Al-Mg-Si alloys fabricated by additive manufacturing (AM) are known to suffer from the coarse columnar microstructure, which usually causes severe hot cracking and anisotropy in mechanical properties. Introducing potent nucleants to promote columnar to equiaxed transition (CET) is an efficient method to solve this problem. However, nanoscale nucleant particles are prone to agglomerate and form clusters during high-temperature AM, which are detrimental to the ductility. In this work, in the AA6061 fabricated by directed energy deposition (DED), we designed a novel approach to alleviate the agglomeration of TiB2 particles by adopting interlayer pause (IP) strategy on the basis of TiB2 nucleant addition.
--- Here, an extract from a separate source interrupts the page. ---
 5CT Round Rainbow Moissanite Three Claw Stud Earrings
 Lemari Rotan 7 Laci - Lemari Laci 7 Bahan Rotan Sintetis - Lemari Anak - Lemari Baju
Resultantly, due to the discontinuous heat input interrupted by IP and thus a reduced heat accumulation, dispersed fine TiB2 particles can be achieved, which reduce the stress concentration and allow for a good metallurgical binding. Moreover, these dispersed fine TiB2 particles, (a) effectively promote the CET by providing numerous heterogeneous nucleation sites, resulting in an ultra-fine fully-equiaxed grain microstructure (similar to 21 mu m) with a reduced texture; (b) significantly inhibit the formation of pores, reducing both their density and size. Consequently, crack-free high-performance DEDed AA6061 without anisotropy in mechanical properties are successfully fabricated, achieving high strength and high ductility at T6-treated state along both the vertical direction (YS: 266 +/- 2 MPa, EL: 8 +/- 1%) and the horizontal direction (YS: 262 +/- 2 MPa, EL: 7 +/- 1%), simultaneously. This combination of nucleant addition and deliberately-controlled IP strategy is expected to be applicable to a wide range of wrought aluminum alloys (e.g. 2xxx and 7xxx) fabricated by AM.